Dr. Oz Wants YOU to be a Flu Fighter

Dr. Mehmet Oz turned up on the Today show to hand out shots to the cast and share the latest info on what Americans might expect from the upcoming flu season. Researchers who look to Australia as a predictor say we could be facing an especially severe outbreak. The terrible flu season in the Southern Hemisphere has the CDC suggesting inoculations before the end of October. Health officials usually recommend getting a vaccination from September through November.

Taking steps to prevent sickness as well as an early vaccination will give you time to build immunity for the entire flu season, which typically peaks in February. It can take two to four weeks for the antibodies that protect against the flu virus to develop in the body. You can’t predict when flu season will start, but the September death of a 4-year-old boy in California who tested positive for influenza has health officials worried. “That gave everyone a chill and that’s distinctly early for us,” said Dr. William Schaffner, an influenza expert at Vanderbilt University.

Australian flu season worries U.S. officials

The flu season in Australia usually spans from June to September and peaks in August. This year’s Australian outbreak began two months earlier than usual and lasted into October.

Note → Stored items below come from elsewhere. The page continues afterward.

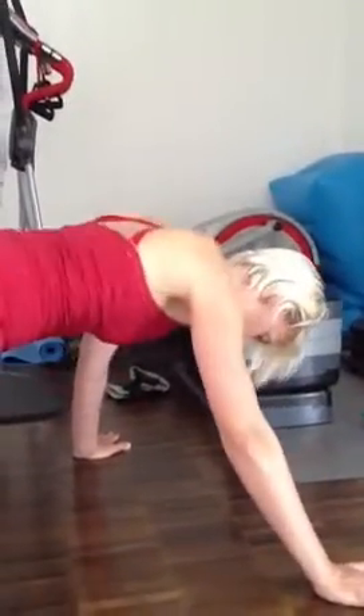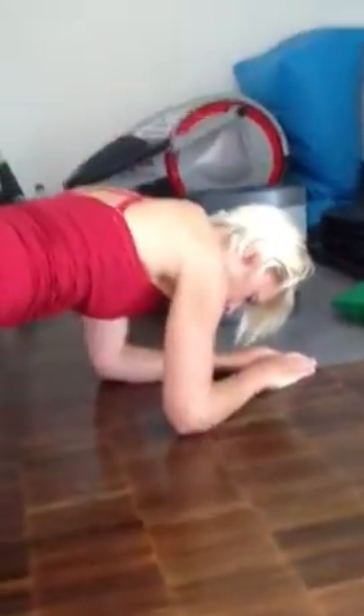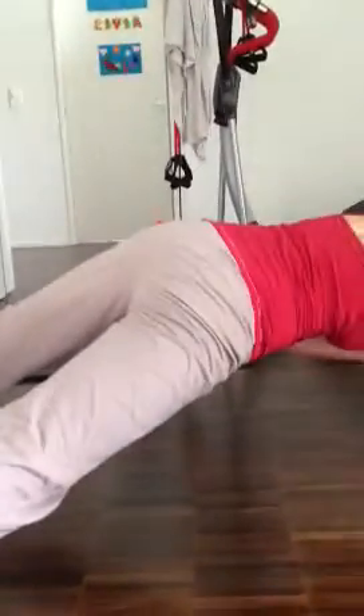Do those until you can't do any more. Then step your foot to your foot, like this. Or you can come into this position and step your knee over, like this. That will all just work these muscles here.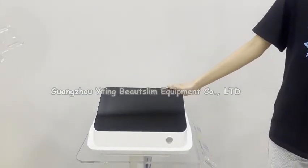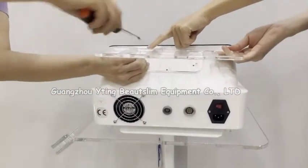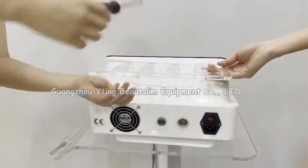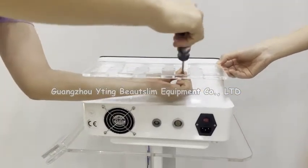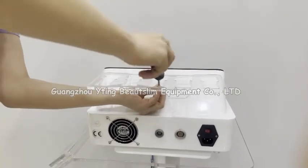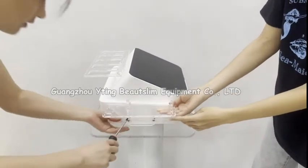Now we install the two-in-one machine. Firstly, we connect this handle holder and put the screw here. You can now rotate the screws here.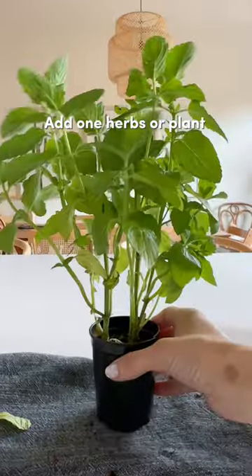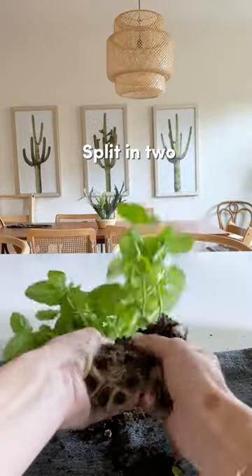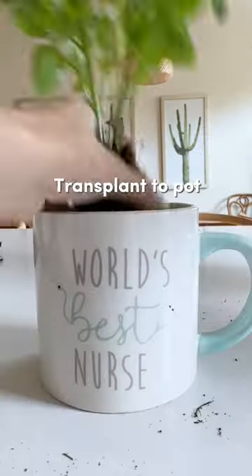Next, get some plants. I love buying herbs because it makes the gift useful even if they're not a plant person. Add soil, then split the herb in half and transplant to your new pots.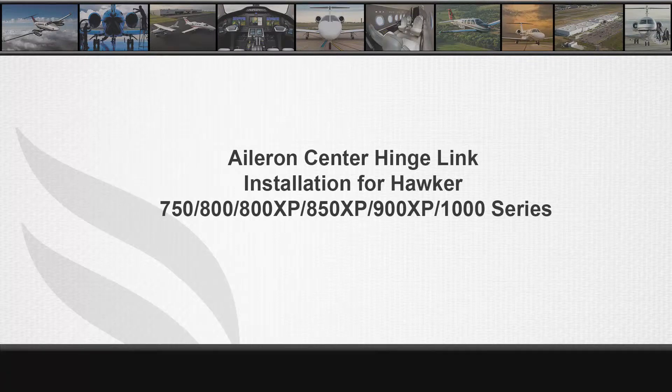This is Ian Bray in Hawker Technical Support, Dextron Aviation. In this video, we will discuss the correct installation of the aileron center hinge link on Hawker 800 through 900 XP series aircraft. This is also applicable to the 1000, 800 XP, 850 XP, and 750 series aircraft.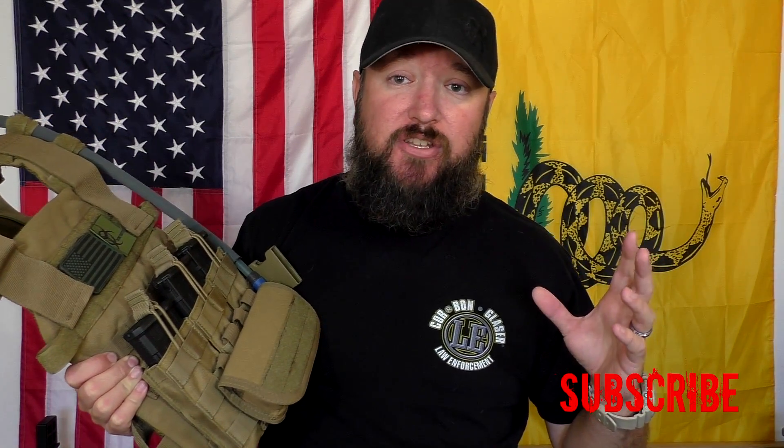A lot of people look at Condor and say it's inexpensive or it's airsoft gear. To be honest, I've had a lot of Condor products — you might have seen my video on the inexpensive battle belt — and not a single one has ever given me a problem. Obviously I haven't run anything in combat, but the stuff I do in the Mojave Desert and the training I've done with this gear has always served me well.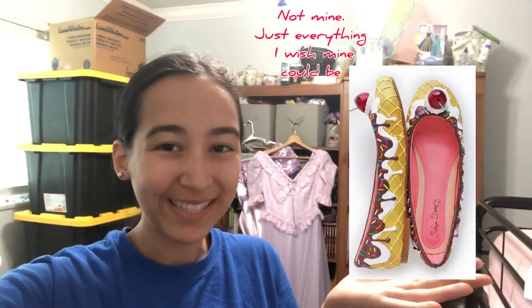This video is going to be all about the making of my ice cream shoes. I saw a lot of cool things online of these really neat expensive ice cream shoes and I thought I'd try making some of my own with hot glue and spackle. So we'll see how they turn out.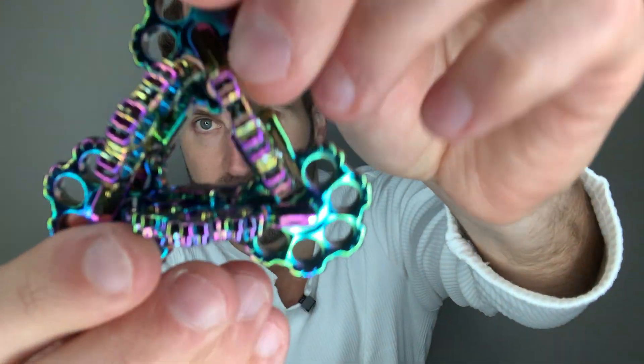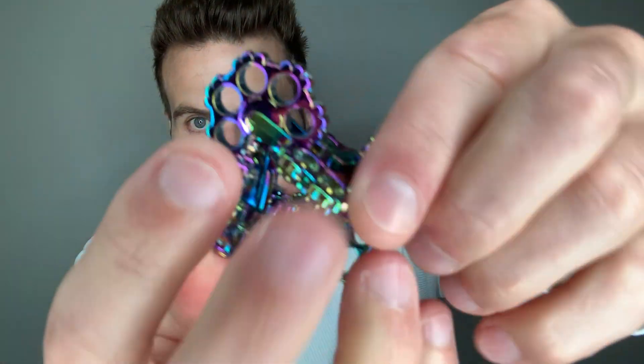Now it becomes your fidget toy and you can just play with it in one hand, move it around, or you can mess with it with both hands. Let me show it a little closer — it's pretty sweet, it just looks cool.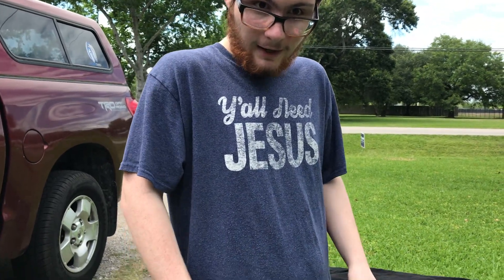Hey everybody, how are y'all doing? It's me, Bryce, a member of the 9th Texas Dismounted Cavalry, a reenactment group. How are all of you doing? Let me know in the comments.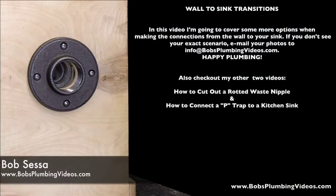Hey, welcome guys, Bob here from bobsplumbingvideos.com. I'm going to do a short video to clear up some confusion. I'm getting a lot of emails about how to transition from different size pipes coming out of the wall to different types of traps and tubular configurations. I want to clarify that — I did shoot a couple of videos on how to transition from the P-trap up to the sink, and also a video on how to cut out a rotten nipple coming out of the wall, but people who have attempted the repairs are still a little confused. So stand by, I'm going to jump to the other side of the bench and we'll get started.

Flu season in Australia has already exceeded the 2017 season when the country suffered its worst outbreak in the last 20 years. More than 229,000 laboratory-confirmed cases of influenza were reported then, compared to the 272,146 laboratory-confirmed cases reported by the end of the first week of September this year.

The 2017-2018 flu season in the United States was one of the worst in modern American memory and left an estimated 79,000 dead.

Steps to protect your loved ones

Doctors say taking a few simple steps will help protect not only you but your loved ones.

“There are a few populations that are at particular risk for influenza,” Dr. Oz, host of The Dr. Oz Show, told the Studio 1A audience. “That is pregnant women, newborn infants and those with compromised immune systems. So not only is it important for us to be vaccinated ourselves, it’s also important that when we are vaccinated, we protect those around us. Flu strains mutate from year to year, so getting a new shot each year is important.

There are some precautionary steps to help prevent getting sick in the first place. Aside from washing your hands and covering your mouth when you sneeze, try using saline nasal spray. If your nasal passages are dry, your risk of getting sick increases. Dr. Oz says, “Without any lubrication, the nose can’t flush out bacteria, which results in a safe haven for germs. Adding moisture to the nasal passages also helps to combat stuffiness, congestion and further infection. Look for a spray that has purified water and sodium chloride to get the purest, most effective spray.”

Add buckwheat honey to your pantry cabinet. It is full of immune-boosting properties, so add 1-2 tablespoons a day to your tea to get you through this cold and flu season. A tea made with natural flu-fighting properties like Reishi mushroom is also recommended. Because this is a medicinal mushroom, it’s recommended to get your doctors approval before drinking.

Elderberry syrup and lozenges are helpful in increasing the immune system. This syrup is also safe for kids, but be sure to read the label before administering it.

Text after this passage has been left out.